L'ultimo assegno incassato da Massimo Bianconi, direttore generale dal 2004 a settembre del 2012 di Banca Marche, sarebbe stato di 2,3 milioni di euro. Così narrano le cronache. Liquidazione di fine rapporto e uscita definitiva dall'istituto marchigiano per un manager abituato a incassare 1,5 milioni l'anno di stipendio. Ma il conto che si è lasciato alle spalle Bianconi e la sua ex prima linea di manager ora non più in banca è impressionante.

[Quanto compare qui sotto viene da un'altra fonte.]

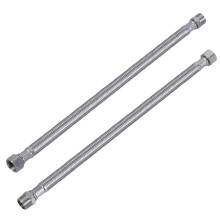Flexibele slang van 304 roestvrij staal 3/8" M-F 20cm & 30cm (2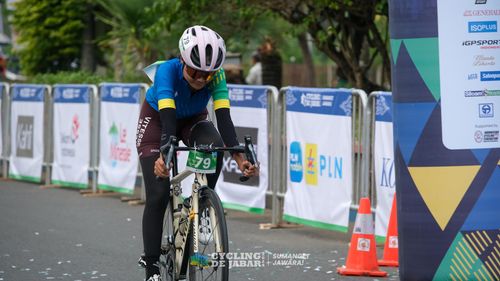 Race photo from Cycling de Jabar 2024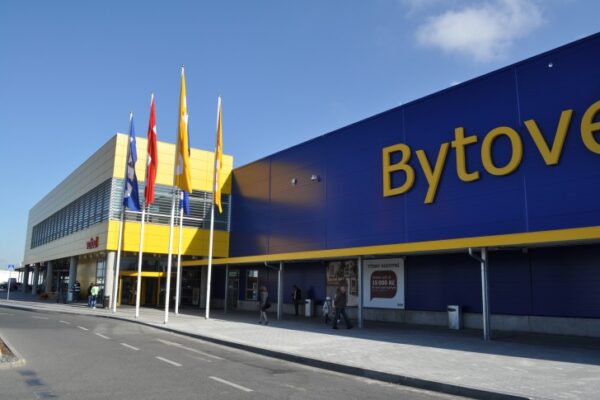 Ikea Zličín Vladimíra Montaga - stavební dozor Brno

Con l'uscita dell'ex banchiere, con trascorsi importanti in UniCredit, Banca Marche si è ritrovata improvvisamente con 1,9 miliardi di crediti a rischio in più. In un solo anno. Due milioni di buonuscita contro due miliardi di possibili perdite per la banca, dato che i crediti deteriorati sono passati da 2,8 miliardi a 4,7 miliardi. Una voragine quella lasciata dall'ex dominus incontrastato dell'istituto per il quale la Fondazione Cassa di Risparmio di Macerata aveva chiesto l'avvio di un'azione di responsabilità nei confronti sia di Bianconi che dell'intero Cda e del collegio sindacale. Proposta bocciata di recente dagli altri soci.

Gestione dissennata
Eppure vista con gli occhi di poi la gestione Bianconi appare più che dissennata. Quell'esplosione record delle partite creditizie incagliate salite da 760 milioni del 2011 a ben 2,4 miliardi del 2012, getta una luce sinistra sul credito facile, dato a piene mani a personaggi discutibili da Bianconi e i suoi. La Banca sta tentando di tutelarsi, dopo aver subito la perdita record da oltre 500 milioni nel 2012, dal retaggio della gestione Bianconi. Due esposti sono stati indirizzati alla Procura dai nuovi vertici della banca e citano operazioni sospette di leasing e prestiti con almeno 16 clienti condotte da Bianconi. Tra i nomi quelli dell'immobiliarista Vittorio Casale già finito agli arresti per vari reati; del gruppo pugliese Ciccolella finito in un'inchiesta per truffa sui finanziamenti europei; del costruttore anconetano Lanari e dell'imprenditore farmaceutico Canio Mazzaro. Tutte operazioni che rischiano di costare caro alla banca in termini di prestiti inesigibili. Che certa spegiudicatezza di Bianconi nel concedere credito facile fosse nota è un fatto.

Prime multe già nel 2011
Già nel 2011 Banca d'Italia sanzionò Bianconi, il Cda e il collegio sindacale per carenze nei controlli interni. Un primo segnale che le cose non funzionavano a dovere. Poi interventi sempre più drastici con la richiesta di un passo indietro del banchiere e soprattutto il passaggio al setaccio dei bilanci con quei crediti per oltre 2 miliardi tenuti in bonis, ma in realtà incagliati. Nel mentre uno strano balletto si inscenava. Bianconi viene dimissionato nel giugno del 2011, incassa la liquidazione, ma viene riassunto miracolosamente poche settimane dopo. O il caso della presunta lettera di manleva (che solleva l'ex direttore da ogni responsabilità) consegnata a Bianconi e di cui pare non ci sia più traccia. Insomma a Jesi si nicchia. Bianconi è da sempre chiaccherato anche per le sue personali operazioni immobiliari e per i finanziamenti concessi da Tercas (banca poi finita commissariata) a Bianconi e famiglia per un giro di compravendite immobiliari anche all'estero. Eppure Bianconi viene cacciato e poi ripreso. Fino all'uscita definitiva dal gruppo un anno fa. Ma è tardi, il danno è fatto. E il danno sta tutto nel fardello pesante lasciato in eredità alla banca. Non tanto e solo in quelle svalutazioni sui crediti per un miliardo nel 2012, ma nella mole di crediti a rischio che restano in pancia alla banca: 3,4 miliardi di prestiti malati, una cifra che vale quasi 3 volte il capitale dell'istituto. Che intanto dovrà fare un aumento di capitale (il secondo in 2 anni) da 300 milioni per riportare in sicurezza la banca. Passaggi difficili che attendono alla prova il nuovo management.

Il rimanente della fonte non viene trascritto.